According to Kaminario, the move will result in a win-win situation for all involved, including its more than 200 channel partners. In a prepared statement, Kaminario's founder and CEO, Dani Golan, said the move "positions us to deliver the economics and flexible consumption models that cloud providers need with absolutely no compromises on our well-proven technology capability."
He expanded on this point in an interview with The Register published on Wednesday: "We simplify our operations and remove the inventory holding costs from our operational model. We can now more easily collaborate with our supply-chain partners and continue to lower our cost of customer acquisition."
In addition, he indicated the partnership will result in products such as the Kaminario K2 all-flash array being delivered with "disruptive" pricing by leveraging Tech Data's manufacturing prowess and buying power, as well as its product and supply chain expertise.
All indications are that this deal is something of a lifeline for Kaminario. Although it has raised $218 million in funding since it was founded in 2008, the privately held Massachusetts-based company is not thought to have yet turned a profit, even though the company has received many industry accolades, both for the quality of it products and for it's marketing acumen.
"There’s a lot of reasons software companies are more valuable than traditional hardware companies," Kaminario's chief marketing officer, Josh Epstein, told the Boston Business Journal. "It’s just expensive to manage inventory, to buy stuff to hold it, to manage logistics."
Kaminario certainly has expertise and credibility in the software arena -- especially when it comes to software defined storage. In October the company announced it was moving towards a software defined "self-driving data center" when it announced it had added machine learning to the cloud-based predictive analytics platform, Clarity, that integrates with its K2 storage systems.

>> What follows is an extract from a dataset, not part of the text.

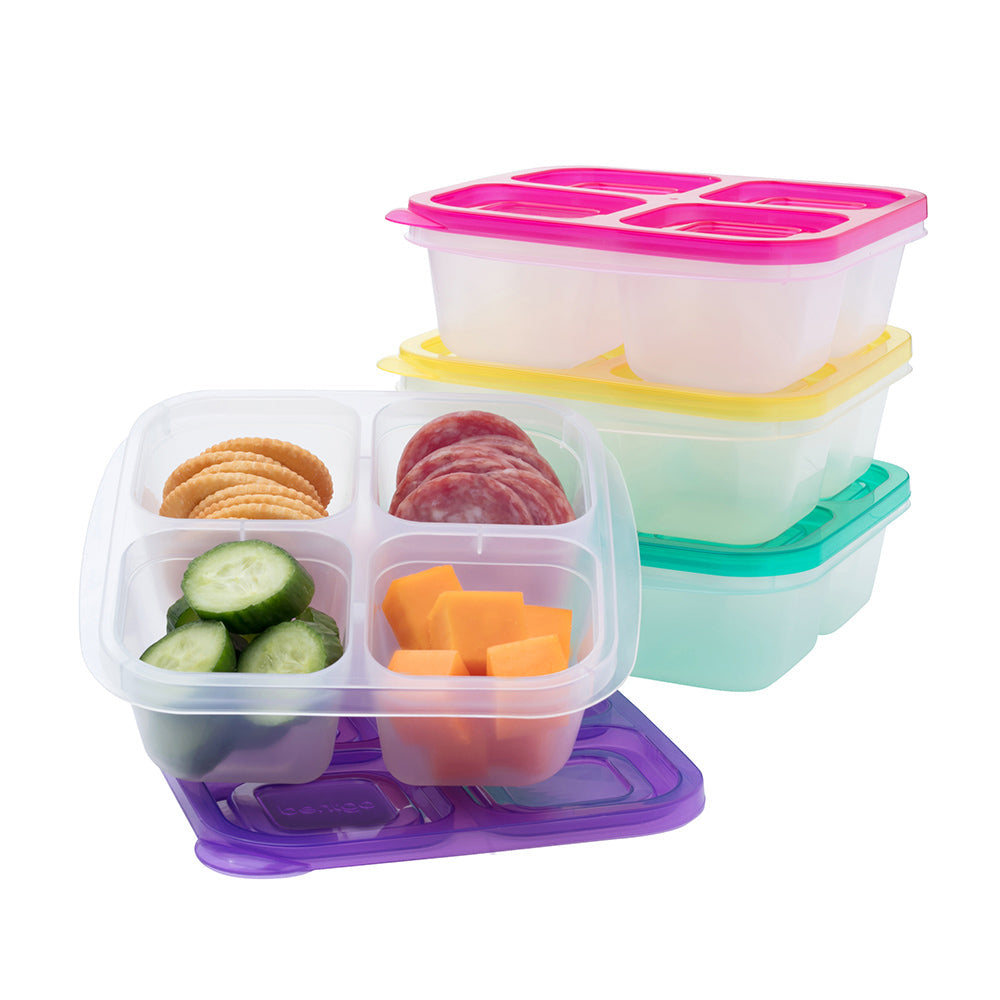 bentgo-easyboxes-4-compartment-snack-containers-8-piece-set-c0 BEBSNK-BR.jpg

Tech Data is well suited for the task of doing the heavy lifting on the hardware manufacturing and distribution end. In business since 1974, it specializes in IT products and services, providing a broad range of products, logistics capabilities and value-added services that tech manufacturers and resellers, including Apple, Cisco, Hewlett Packard Enterprise, IBM, Microsoft, Symantec and VMware, leverage to deploy IT solutions.
It's also on sound financial footing. Last year the publicly traded company reported revenues of $26.2 billion and a gross profit of $1.3 billion. Pertinent to this deal is its global reach: the company is especially visible in Canada, Mexico and the EU.

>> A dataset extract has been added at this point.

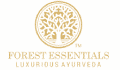 FE logo 2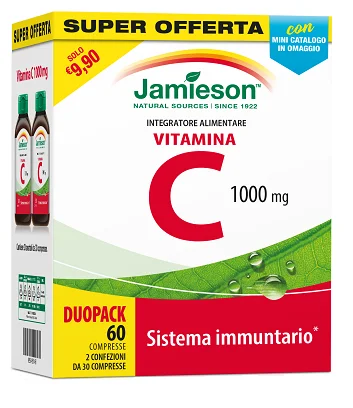 farmahome-11439268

"Tech Data provides product lifecycle management services for technology companies that want to focus on their core competencies," John O’Shea, Tech Data's SVP, global lifecycle management services, Americas, said in a statement. "Our alliance with Kaminario helps them to deliver a complete solution to their customers by leveraging Tech Data’s global logistics network and comprehensive integration and product support services."
Now that it's getting out of the manufacturing game, the obvious next move at Kaminario will be some serious cost cutting, which will definitely result in a loss of jobs for some of the company's estimated 250 employees. For the time being, the company is being mute about how many might be facing the ax. However, Golan acknowledges that "we will be aligning resources and investments to support our core competencies, drive profitable growth and increase operational efficiency."